Her plea came as five former prime ministers also opposed the planned cut.

Among them was former Conservative leader John Major, quoted by The Times newspaper on Wednesday as saying the spending cut was "morally wrong and politically unwise".

Former Labour prime minister Tony Blair said on Saturday that Britain's overseas aid budget had an impact "measured literally in millions of lives".

David Cameron, whose coalition government enshrined the 0.7 percent in law, has said abandoning it would be a "moral, strategic and political mistake".

Johnson's government has repeatedly committed to maintaining the spending and his Conservatives made it a key plank of the election manifesto last year.

The government also promised not to grab ring-fenced aid money when it merged the foreign and development ministries earlier this year.

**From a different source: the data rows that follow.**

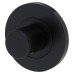 Alexander & Wilks Bathroom Turn & Release - 50mm Diameter - Matt Black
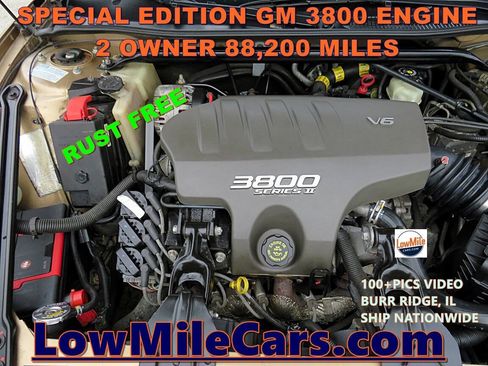 Used 2001 Buick Regal LS w/ Abboud Pkg FWD image 7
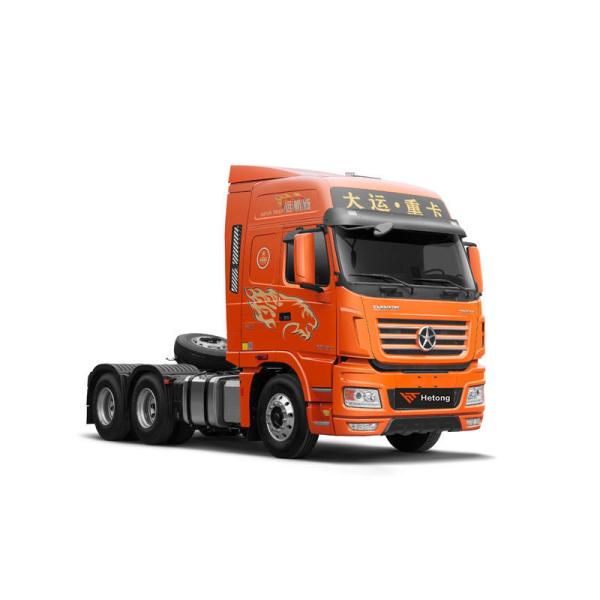4100 1350 Wheelbase Dump Truck 6x4 High Horsepower Tractor Truck Head for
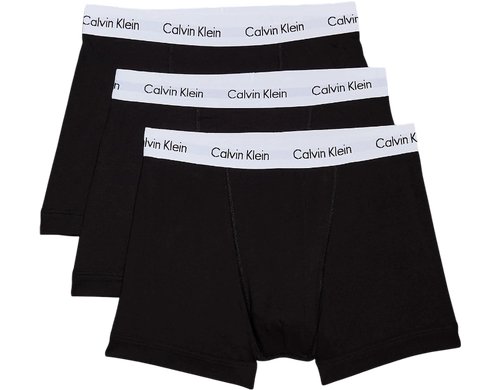Calvin Klein 3P Trunk black, XL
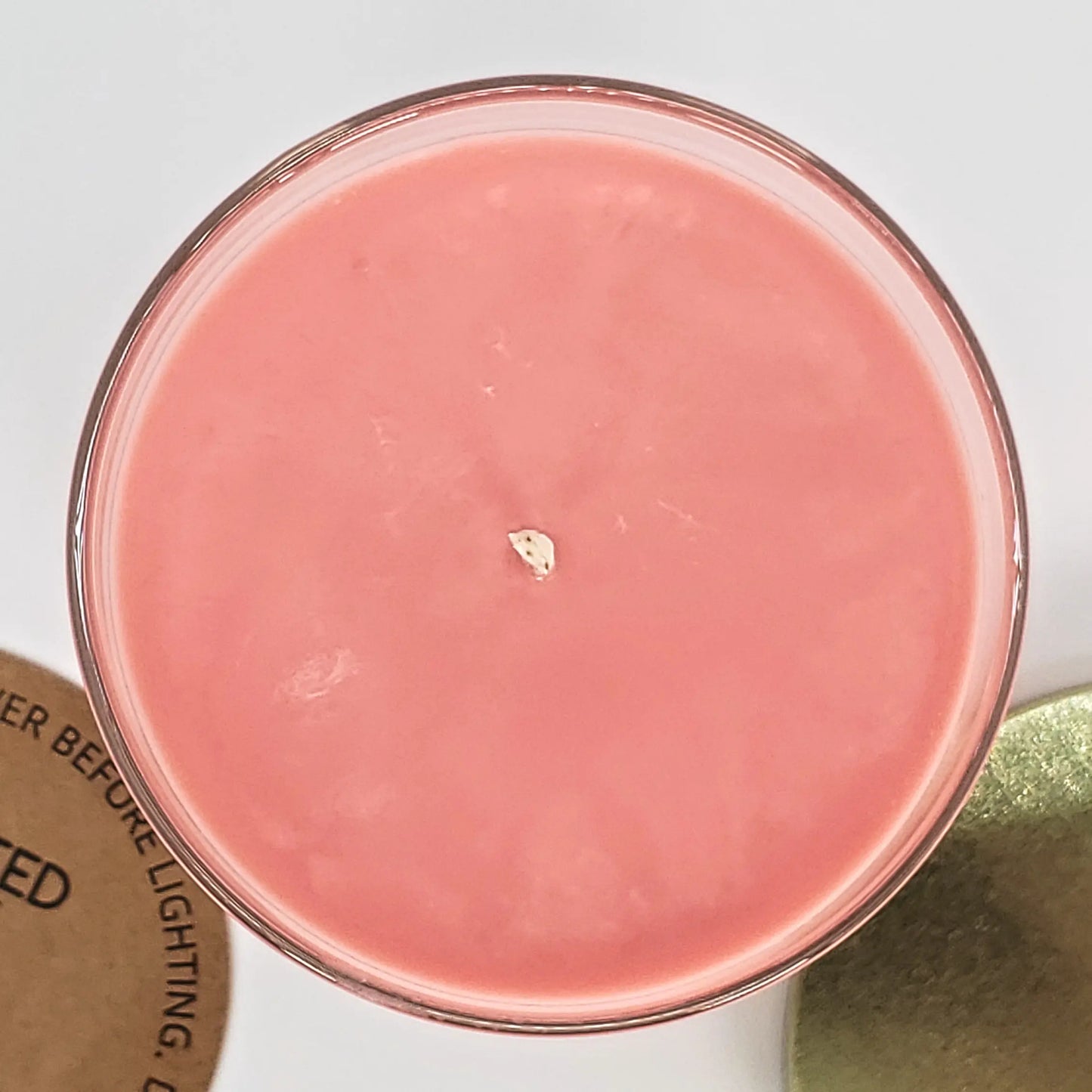 Georgia Peach Candle hand-poured soy candle, photo 5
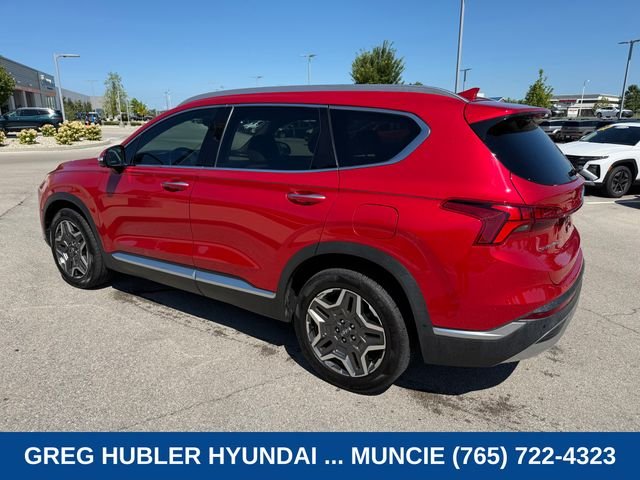 Used 2023 Red Hyundai Limited image 6
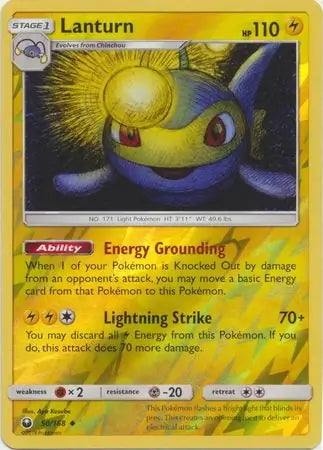 Celestial Storm Lanturn #50/168 reverse holo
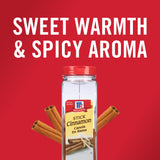 McCormick Cinnamon Sticks, Brings Rich Cinnamon Flavor and Warmth to Savory & Sweet Recipes, 8 oz
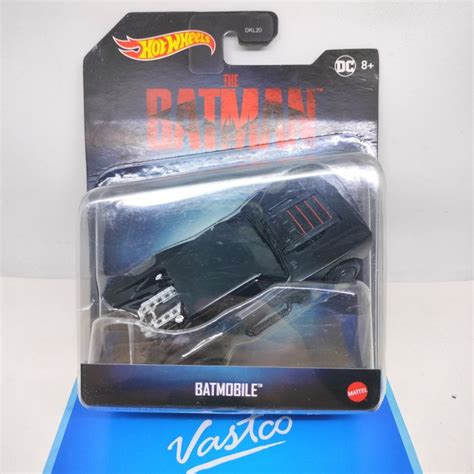 Jual HOT WHEELS THE BATMAN BATMOBILE HOTWHEELS SKALA 1 50 GRM12 TERMURAH Shopee Indonesia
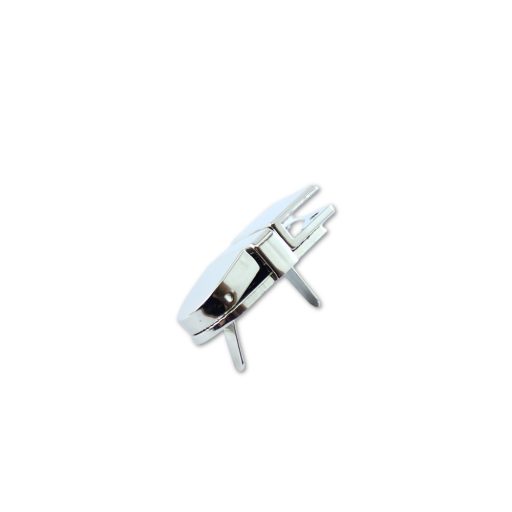 Semicircular Tuck Lock, Nickel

But Sunak on Sunday told Sky News the UK was under "enormous pressure and stress" and faced an "economic shock".

Any cut -- even a temporary one -- is likely to trigger a battle with Conservative MPs.

Tom Tugendhat, who chairs parliament's Foreign Affairs Committee, wrote in The Times: "If we cut aid we'll fall behind."

He retweeted Yousafzai's message, saying the UK needs "others to join us" as other G7 nations spend less on foreign aid.

The leaders of 187 charities including Save the Children, Greenpeace UK and Christian Aid on Friday urged Johnson not to cut the aid budget.